If you pass the vetting, you will receive a registration number enabling employers to check online that you are, in the eyes of the ISA, a trustworthy citizen. Unlike checks already offered by the Criminal Records Bureau, an ISA registration lasts until any reason surfaces for it to be withdrawn.

In effect the ISA is supposed to monitor every registered person all the time for new information. How this will work, the ISA could not say last week.

James Panton, co-founder of the Manifesto Club, a civil liberties group, and a politics tutor at St John’s College, Oxford, said: “It is a bureaucratic nightmare. I can’t see how they can monitor that many people all the time.”

2 Responses to “The ISA: the great child protection racket”

  1. Jan Cosgrove Says:

    Para 1=correct.
    Para 2=crude distortion. Unlike the previous Lists(7 or more) which were run by politicians and civil servants, the ISA lists (2) are compiled by a quasi-judicial body whose decisions are appealable in the higher courts. There are detailed and rigorous standards created by ACPO re use of soft intel, it’s not by whim. Employers are now required to report when they dismiss or ‘retire’ an employee after his/her work with children has been so poor as to put them at serious risk of harm. Plus (+) people like Vanessa George will be listed on release from prison and, unlike now, employers will have to check the ISA list. It will be unlawful (as it has been for years anyway) for such people to employ – and now for an employer to employ them. Shimple. Who says that is not (i) right and (ii) welcome?

    Para 3=false. When employers check the ISA list they will see who is not allowed to work with kids. Not who is. The employee will have a certificate with number (and it will also be his/her CRB cert) and the employer will get their copy as now from a Registered CRB body.
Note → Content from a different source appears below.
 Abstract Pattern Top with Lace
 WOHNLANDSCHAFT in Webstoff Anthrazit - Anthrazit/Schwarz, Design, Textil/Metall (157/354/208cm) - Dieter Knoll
    Para 4=false. ISA will (a) be informed of people to be automatically placed on the Lists due to convictions in the courts and they will receive and assess information (b) gathered by the Police and released under ACPO guidance system above and (c) as notified by employers as above, which then will lead to an ISA decision to bar or not. Employers will be updated, based on ISA/CRB records as to the last known place a person is employed in such work. If their status changes from OK to barred, then the employer will be told. Again do you find that unwelcome?

    Para 5=false. It is not monitoring of 11 million but of the far smaller number who are barred.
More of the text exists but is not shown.